I was reminded of this by Alex Ollé, one of the directors of the
avant-garde Catalan theatre group La Fura dels Baus, as we sat at a café table in the main square of the small Murcian farming town of Lorca. I had just sat through his play
XXX
at the town’s quaint, turn-of-the-century playhouse. La Fura have gained themselves an international reputation for sensorial bombardment, for
getting
in their public’s faces.
XXX
was no exception. It featured a live internet link to a Barcelona peep-show as well as simulated, or filmed, threesomes, foursomes, blow-jobs, cunnilingus, spaghetti sex, sodomy, rape, S&M, incest and, to finish it all off, genital mutilation. At one stage the play had invited me to
contemplate
the non-dilemma of whether pornography or war was more shocking, as if the two things were somehow comparable. More seriously, it was also an invitation to think about where the limits were. I had to close my eyes for most of the last five
minutes
, the rape and mutilation scene, so my personal answer was obviously somewhere before that. But none of the dapper elderly gents or fierce-looking matrons, fresh from the hairdressers for their night out at the theatre, appeared, at least on the surface, terribly disturbed. Certainly none accepted the invitation to leave if they felt shocked.

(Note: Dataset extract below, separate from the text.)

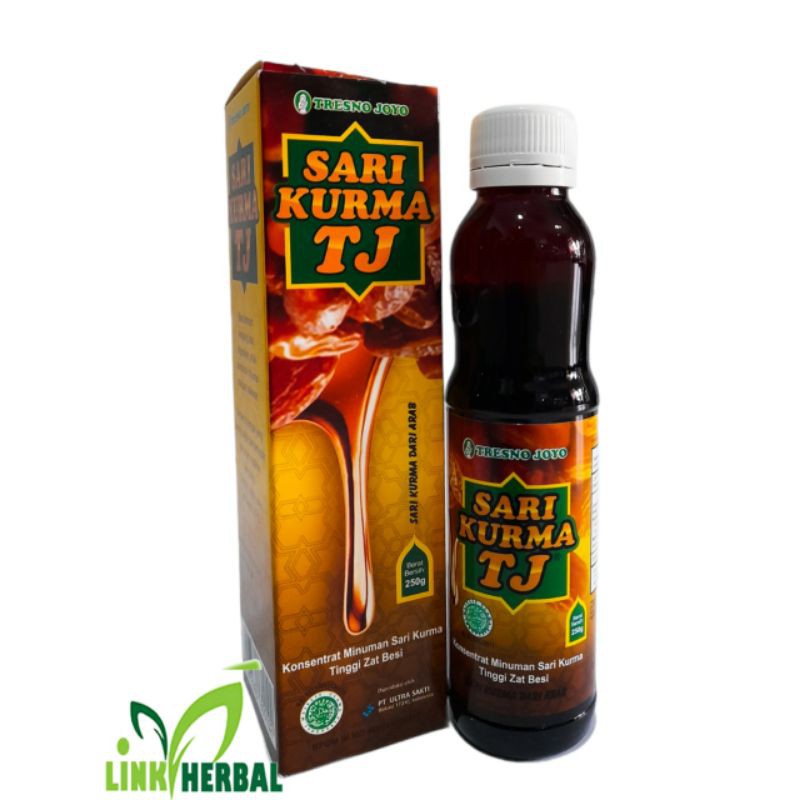 

Sari Kurma TJ 250ml Original Termurah ..!!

‘This show would cause a scandal in a small British town,’ said Ollé, accurately predicting what would happened when it travelled to a London stage a year later. ‘The British are very conservative. When it comes to sex, there is not too much prejudice here in Spain.’

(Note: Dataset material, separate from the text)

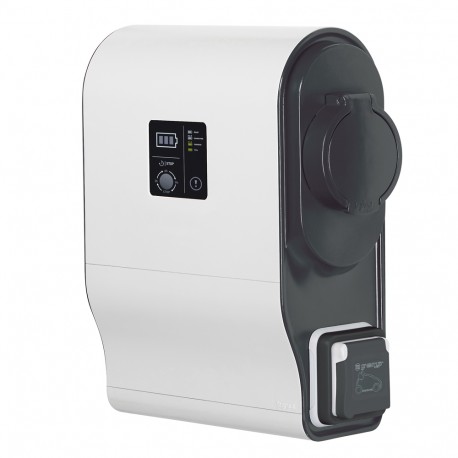 Legrand 059030 BORNA PLAST MUR 3.7 KW M2-3 1P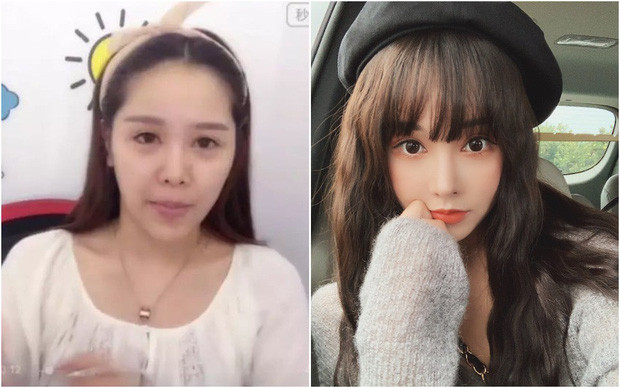 Thậm chí nhiều cô nàng sở hữu cả triệu người theo dõi, sau khi lộ nhan sắc thật giảm xuống quá nửa, liên tục bị ném đá bởi thói "sống ảo".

I am not sure, however, whether he was completely right. There still seems to be something very male-centred and, one young
Madrileña
woman suggested to me, slightly seedy about this
attitude
. Certainly, she assured me, young men still had different ideas about what was acceptable sexual behaviour for them and what was acceptable for young women. That form of prejudice at least had not disappeared.

Only a handful of voices on the Catholic, conservative right or the feminist left seem to get worked up about prostitution or pornography. Shortly after I had visited El Romaní, I came across a long report in
El País
newspaper on the country’s status as Europe’s largest consumer of cocaine. A psychiatrist suggested
that one reason for that was that a defining trait of modern Spaniards was that they were radically opposed to banning
anything
. ‘Anything that smacks of restriction or prohibition in this country is considered immoral, old-fashioned and fascist,’ the psychologist, Carlos Alvarez Vara, said. Spaniards, in short, do not like being told what not to do.

To be scandalised about sex is to be ‘
estrecho
’, ‘narrow’ or
prudish
– something associated with the repressive, and hypocritical, time under General Franco when the Church really did set the rules. His death set Spain on a delayed sexual revolution that was grasped with fervour. But it would be wrong to blame all this on
el Caudillo
. Too many years have gone by. The pendulum has had plenty of time to swing the other way.

One measure of Spaniards’ attitudes to the rules that govern sex is the age of consent. This was raised from twelve to thirteen in 1999 by Aznar’s government. Other European countries place that age at anywhere between fourteen and seventeen. In the US it goes as high as eighteen in some states. Only a handful of
countries
– mostly Latin American or African – have a similar, or lower, age. In practice, however, Spaniards start their sex lives later than in other European countries. Most young Spanish men remain virgins until after their eighteenth birthday while most women wait until they are nineteen.

There can be a brisk, often amused, frankness in the way Spaniards discuss sex. On several occasions I have been caught out, and thrown into tongue-tied episodes of embarrassment, by sudden, graphic confessions of peccadilloes or amatory
experiments
. What, after all, do you say to a neighbour who apologises for not answering his doorbell because he was ‘snogging the babysitter’ while his wife was out? This attitude is reflected on television. One advertisement, for a chocolate bar, starts, as a joke, with a young man waking up with a tent-pole-sized erection in his boxer shorts.